Planejamento menor e Planejamento maior

O planejamento é um jogo de perguntas e respostas. Estamos sempre propondo alternativas e perguntando: qual a mais correta? A resposta corresponderá a uma escolha, a uma decisão

              Para atingir um determinado objetivo, qual o melhor caminho, entre os possíveis? Baseando-nos na formulação dos caminhos possíveis e a partir da definição inicial do objetivo, medimos e calculamos, analisamos dados conhecidos e levantamos dados até então não conhecidos, fazemos projeções, imaginamos comportamentos futuros, realizamos experiências, avaliamos prazos, sopesamos custos e disponibilidades. Por fim, respondemos. E continuamos a responder, procurando, então, fixar metas, prazos, responsabilidades, custos, controles, sistemas de avaliação, numa série contínua de decisões, fundamentadas nas reais necessidades que nossa ação pretende atender e nas nossas reais possibilidades de agir.

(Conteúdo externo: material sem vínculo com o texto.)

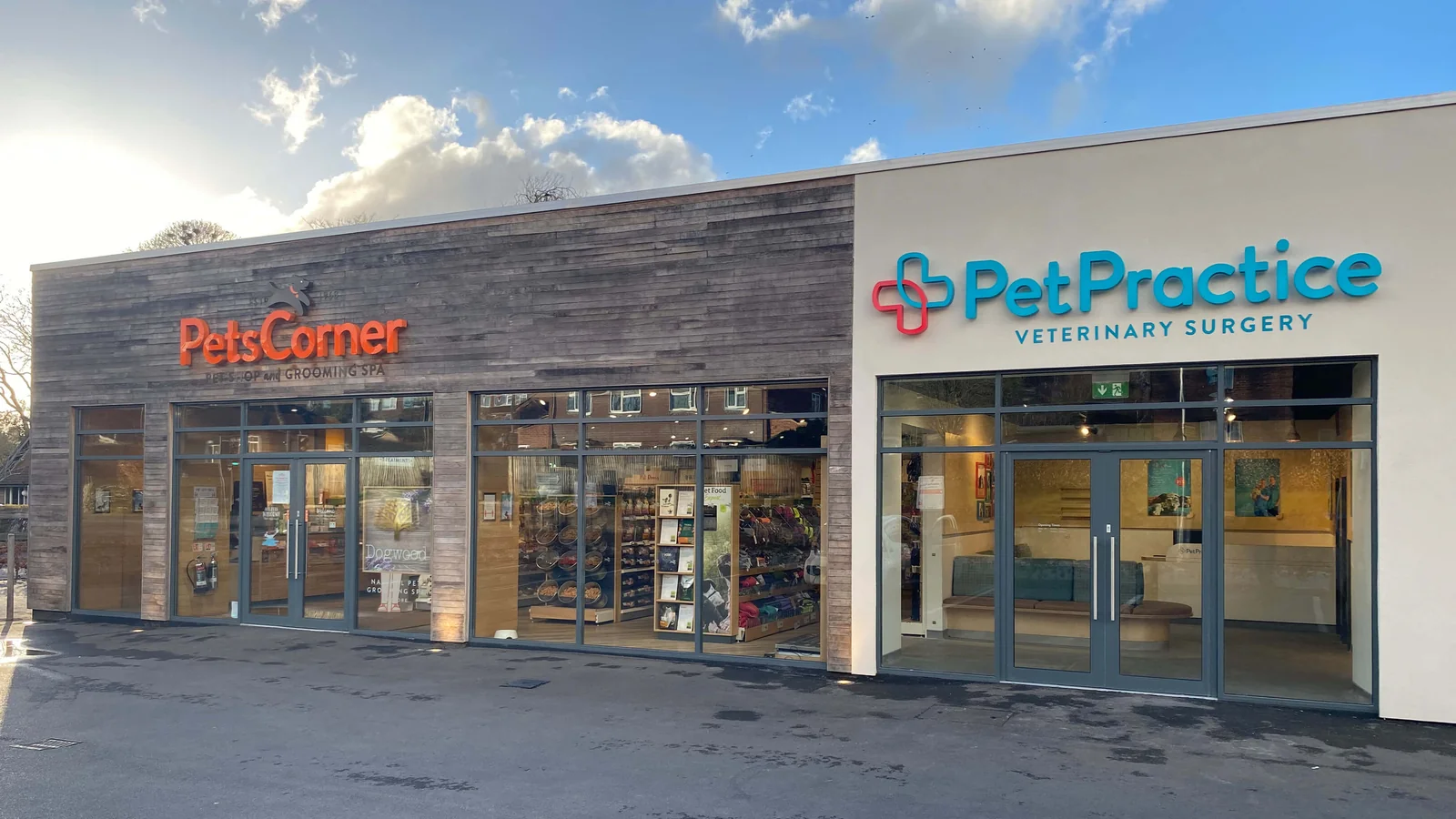 Pet Practice Marlborough entrance beside Pets Corner on George Lane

              O planejamento, enquanto processo, continuará questionando nossa ação, durante e depois, para corrigir a tempo os enganos de previsão, e para alimentar a ação seguinte na experiência da anterior: nossos diagnósticos estavam corretos, levamos em conta, de fato, todas as possibilidades e todos os problemas, fizemos as escolhas mais adequadas?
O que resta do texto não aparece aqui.